### [Work instructions]
For the data that follows, print the line with "Зернозбиральний комбайн Claas", the line with "Bandolera Louis Vuitton Metis", and all lines between them, exactly as they stand. Omit pictures and add nothing.

(Records to process)

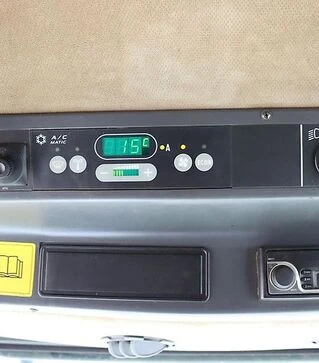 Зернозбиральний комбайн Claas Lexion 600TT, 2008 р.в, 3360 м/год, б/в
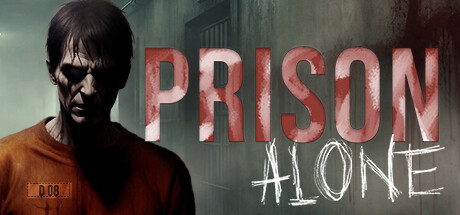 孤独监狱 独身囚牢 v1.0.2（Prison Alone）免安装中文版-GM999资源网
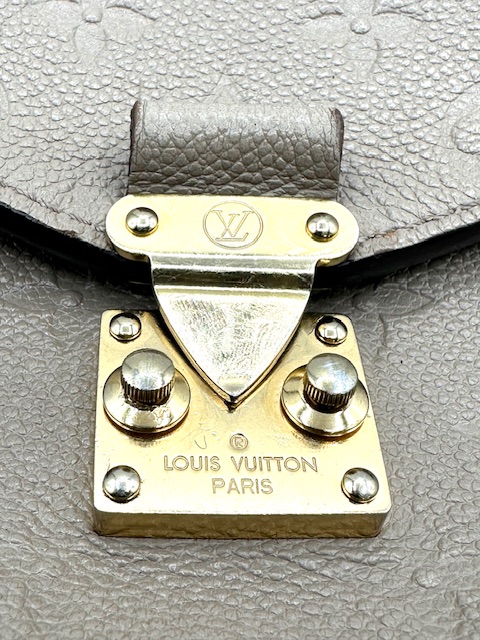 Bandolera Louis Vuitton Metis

(End Records to process)
(Records to process)

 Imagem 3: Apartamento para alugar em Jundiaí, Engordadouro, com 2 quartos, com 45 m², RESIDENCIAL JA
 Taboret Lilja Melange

(End Records to process)

### [Solution to this exercise]
 Зернозбиральний комбайн Claas Lexion 600TT, 2008 р.в, 3360 м/год, б/в
 孤独监狱 独身囚牢 v1.0.2（Prison Alone）免安装中文版-GM999资源网
 Bandolera Louis Vuitton Metis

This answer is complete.